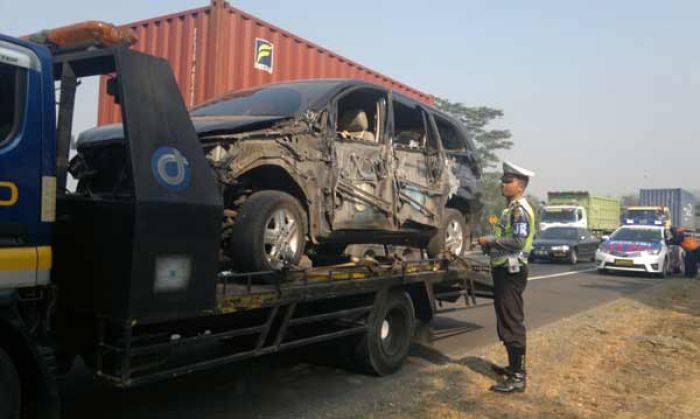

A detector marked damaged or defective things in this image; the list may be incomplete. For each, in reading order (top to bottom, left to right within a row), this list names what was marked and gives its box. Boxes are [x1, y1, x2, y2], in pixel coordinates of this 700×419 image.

shattered windshield [193, 81, 340, 117]
dented car body panel [75, 80, 482, 253]
damaged suv [75, 79, 482, 272]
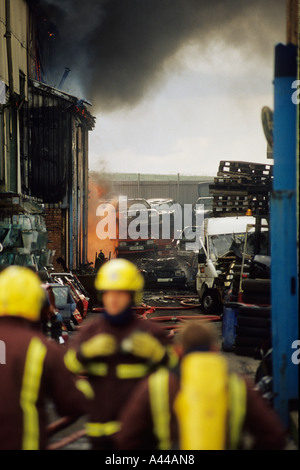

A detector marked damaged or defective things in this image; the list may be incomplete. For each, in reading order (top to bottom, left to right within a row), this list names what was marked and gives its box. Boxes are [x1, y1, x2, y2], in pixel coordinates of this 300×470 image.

+ + +

Retype every entry exactly as written. Leave the pictures out.

RESPONSE TO THIS EXERCISE:
A detector marked damaged or defective things in this image; the list may be incomplete. For each, in reading order (top to bottom, left to right within a row), this list names what was marked and gives its box. Boxes are [x1, y1, x2, y2], in pixel coordinates of this 700×419 image.

shattered windshield [193, 81, 340, 117]
dented car body panel [75, 80, 482, 253]
damaged suv [75, 79, 482, 272]

A detector marked damaged or defective things in this image; the list may be incomplete. For each, in reading order (top to bottom, left to right within a row), this list names what was marked and gives its box. Boxes are [x1, y1, x2, y2], in pixel coordinates of this 300×470 image.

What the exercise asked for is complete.